From: Max Gurtovoy <maxg@mellanox.com>
To: Weiping Zhang <zwp10758@gmail.com>
Cc: Jens Axboe <axboe@kernel.dk>,
sagi@grimberg.me, Weiping Zhang <zhangweiping@didiglobal.com>,
linux-nvme@lists.infradead.org,
Christoph Hellwig <hch@infradead.org>,
Keith Busch <kbusch@kernel.org>
Subject: Re: [PATCH] nvme: align io queue count with allocted nvme_queue in nvme_probe
Date: Mon, 13 Apr 2020 12:37:00 +0300 [thread overview]
Message-ID: <66add5c2-62b9-5c2d-977b-0499834b2b7a@mellanox.com> (raw)
In-Reply-To: <CAA70yB63bHGcFOzKPrLz+-bjHoEMQWiZEpFyoZ72rzDy9ZaO3Q@mail.gmail.com>
On 4/13/2020 4:01 AM, Weiping Zhang wrote:
> On Sun, Apr 12, 2020 at 8:38 PM Max Gurtovoy <maxg@mellanox.com> wrote:
> Hi Max,
>
>> hi,
>>
>> how about the following minor update:
>>
>> diff --git a/drivers/nvme/host/pci.c b/drivers/nvme/host/pci.c
>> index 4e79e41..46ab28b 100644
>> --- a/drivers/nvme/host/pci.c
>> +++ b/drivers/nvme/host/pci.c
>> @@ -89,6 +89,7 @@
>> */
>> struct nvme_dev {
>> struct nvme_queue *queues;
>> + int nr_allocated_queue;
>> struct blk_mq_tag_set tagset;
>> struct blk_mq_tag_set admin_tagset;
>> u32 __iomem *dbs;
>> @@ -209,15 +210,15 @@ struct nvme_iod {
>> struct scatterlist *sg;
>> };
>>
>> -static unsigned int max_io_queues(void)
>> +static unsigned int nr_dev_io_queues(struct nvme_dev *dev)
>> {
>> - return num_possible_cpus() + write_queues + poll_queues;
>> + return dev->nr_allocated_queue - 1;
>> }
>>
>> static unsigned int max_queue_count(void)
>> {
>> /* IO queues + admin queue */
>> - return 1 + max_io_queues();
>> + return 1 + num_possible_cpus() + write_queues + poll_queues;
>> }
>>
>> static inline unsigned int nvme_dbbuf_size(u32 stride)
>> @@ -2073,7 +2074,7 @@ static int nvme_setup_io_queues(struct nvme_dev *dev)
>> int result, nr_io_queues;
>> unsigned long size;
>>
>> - nr_io_queues = max_io_queues();
>> + nr_io_queues = nr_dev_io_queues(dev);
>>
> It may have some problem when user decrease queue count for multiple tagset map.

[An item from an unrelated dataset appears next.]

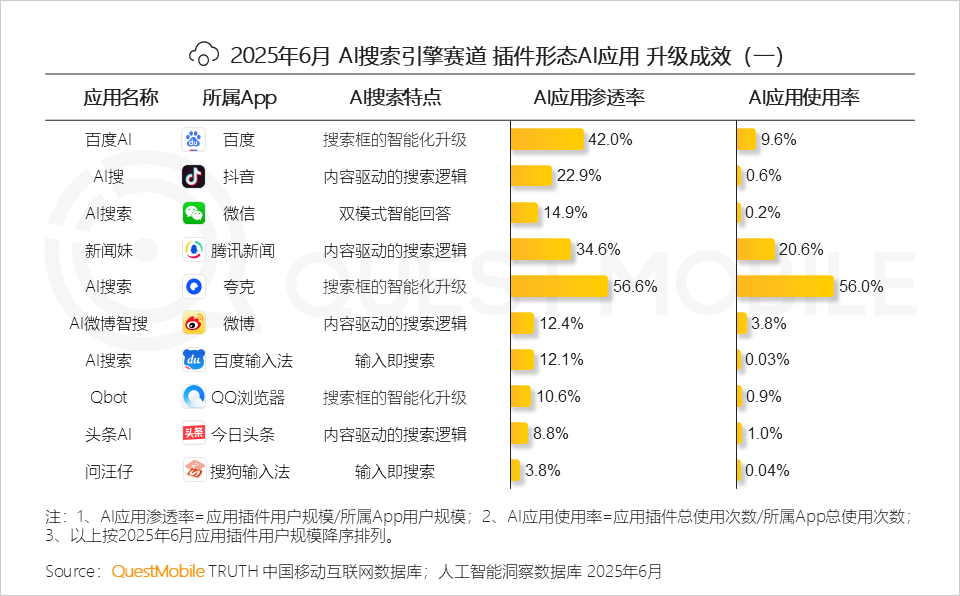国内AI应用半年报告：App和Web应用月活都在跌，AI搜索需求被验证，百度是DeepSeek流失用户最大接盘手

> For example, there are total 128 IO and 96 cpus(system),
> insmod nvme write_queues=32
> nvme_probe will allocate 129(128io + 1 admin), nr_allocated_queue=129;
> and then user decrease queue count
> echo 2 > /sys/module/nvme/parameters/write_queues
> echo 1 > /sys/block/nvme0n1/device/reset_controller.
> nvme_setup_io_queues should use
> 96(num_possible_cpus) + 2(write_queues) instead of 129(nr_allocated_queue).
Any change that you will try to do (increase/decrease) will not effect.
If you want it to effect, you need to make nvme_probe to run.
I don't see a value only for making the code not to crash but not really
effect the queue count.
write_queues and poll queues shouldn't be writable IMO.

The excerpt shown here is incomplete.